How to Grill Hamburgers
Grilled hamburgers. I can’t think of a more American meal.
Us Cajun’s love grilling hamburgers almost as much as eating crawfish.
There’s not many things better than a grilled hamburger cooked over a charcoal grill. We’ve been grilling hamburgers for 40 years or more, and I’d like to think that we’ve gotten pretty good at it.
So here are some grilling tips and complete step by step preparation and grilling directions by Cajun cooking star Beryl Stokes along with her husband Mike.
There’s really nothing quite like a good hamburger. And a grilled hamburger is the best of all.
For many years we used regular briquette charcoal and lighter fluid. What a blessing to get a natural food supermarket in town. We discovered real hardwood charcoal that is made from the scraps of wood from furniture makers.
Natural hardwood charcoal is so much lighter than pressed together charcoal briquettes and much better for the environment and your food.
Another change we made, we stopped using lighter fluid. Think about it. You’re putting lighter fluid on chemically made briquettes and then cooking your very expensive steak on something you use to light a candle or cigarettes. Gross!

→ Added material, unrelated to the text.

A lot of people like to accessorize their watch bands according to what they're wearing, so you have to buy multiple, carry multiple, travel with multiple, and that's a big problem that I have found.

We started using a charcoal chimney instead of lighter fluid. With a charcoal chimney, you light your charcoal with two sheets of newspaper instead of a toxic petroleum product similar to gasoline.
A charcoal chimney is a piece of sheet metal formed into a cylinder with a handle and disk with holes to hold the charcoal. The charcoal is poured into the cylinder and two pieces of newspaper is placed in the bottom of the chimney. The crumpled newspaper is lighted, which in turn lights the charcoal.

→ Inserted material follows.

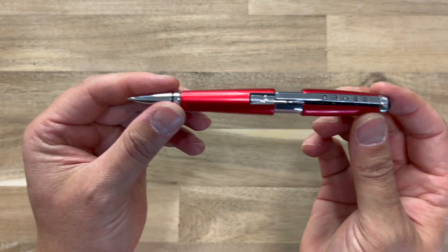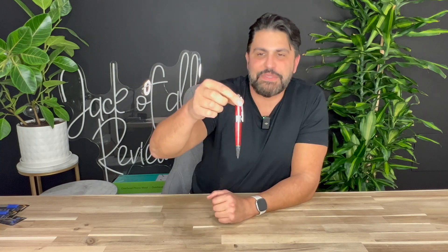I'm a life insurance broker. I've been doing that for the last 20 years. I write a lot of applications and these pens are the best. Like I've tried every pen. My clients try to steal these pens. They're so good.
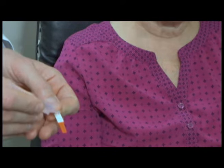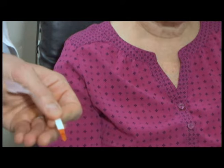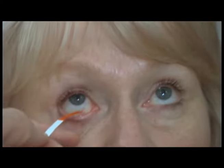Fluorescein staining of the cornea is performed by first placing a drop of sterile saline on a sterile fluorescein strip. The fluorescein is then placed in the inferior cul-de-sac of the eye by pulling down on the lower eyelid and gently touching the bulbar conjunctiva with the fluorescein strip.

In about 20-30 minutes, you’re ready to cook on a natural hardwood fire.
It’s kind of like cooking on a campfire, but it is much more convenient. Who wants to eat food off a gas grill? You’re just gassing your food. I don’t cook my broccoli directly over the gas stove burner. I put the broccoli in a pot.
I’m getting hungry. Come on and let’s get to grilling!
Grilled Hamburgers Recipe
• 1 quality grill (Old Smokey is our favorite)

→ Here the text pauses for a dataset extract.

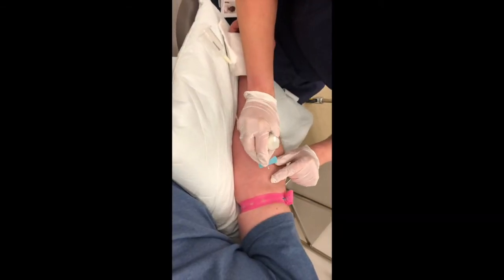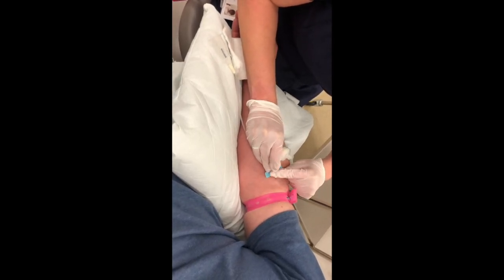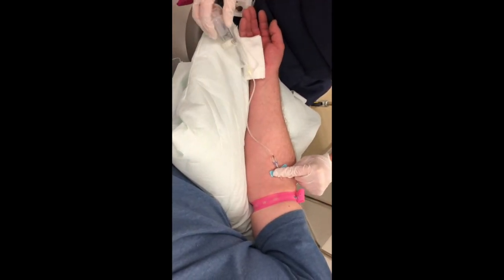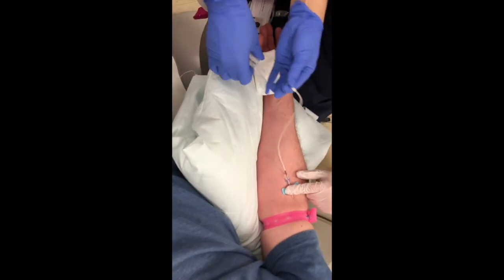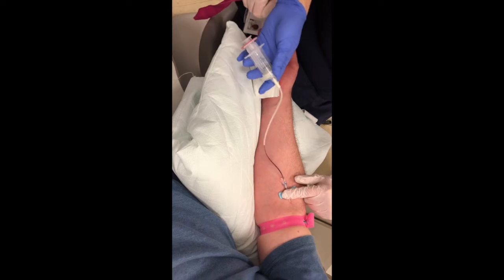The first step is to draw the patient's own blood depending on the volume required. Five milliliters of patient's blood will yield approximately 1.5 to 2 milliliters of PRP.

• 1 bag of All Natural Hardwood Charcoal
• 1 bag of mesquite or hickory chips
• 1 charcoal chimney (available at any store selling grills or grilling supplies)
• 2 sheets of black & white newspaper, 1 long grill flipper, 1 grill brush (for cleaning the grill)
• 1 – 2 pounds lean ground round or sirloin (about ¼ lb per person)
• 1 bottle Smokey Maple BBQ sauce (whatever BBQ sauce you like)
• 1 sweet onion
• 1 ripe tomato
• Cheddar cheese slices, dill pickle slices or relish, shredded lettuce, ketchup, mustard, and mayo
• Seasoning – salt, Tony’s Creole Seasoning, and granulated garlic powder
Old Smokey Charcoal Grill
Start preparing your grill about an hour before you want to eat.
Scrape the grill with a grill brush to remove any residue from prior cooking.
In a small bowl, soak a handful of mesquite or hickory chips until ready to start cooking.
Loosely crumple 2 sheets of newspaper (the black & white section) and place under the Charcoal Chimney.
Place the charcoal chimney on the grill surface. Fill will charcoal.
Light the newspaper through the holes on the bottom of charcoal chimney.
Wait for charcoal to catch onto the flame.
(If the flames do not catch on the charcoal, repeat the newspaper step.)
In about 15-30 minutes the coals are ready for cooking.
Pick up the charcoal chimney using the handy handle and be sure to use an oven mitt (that handle gets hot).
Carefully remove the grill and set aside.
Pour the charcoal into the well of the grill. Spread around if needed with grilling tongs or spatula.
Spray your grill with cooking spray (away from the flame) to prevent the meat from sticking. Place back on the grill base.
Prepare the hamburger patties by evenly dividing the meat.
Either form the patties by hand or use a hamburger press. (I’ve had Tupperware hamburger press for 20 years.)
Do not overly handle the ground meat to prevent your hamburgers from being tough.
Season with sea salt, Tony’s Creole Seasoning, garlic powder and top with your favorite sauce.
Place your prepared meat evenly around the grill surface. Close the damper and put the top on.
For ¼ lb hamburgers, cook on one side for about 5 minutes.
Remove the cover and flip the hamburger with a grilling spatula. Drizzle on BBQ sauce.
Cover and cook again for about 5-8 minutes.
For melted cheese, place slices directly on the hamburgers and put the grill cover back on for about 1 minute.
Remove the cover and place the hamburger patties on a clean platter.
(Never use the same platter as used for the raw patties without a thorough cleaning.)
Add burgers to a toasty bun and pile on your favorite condiments.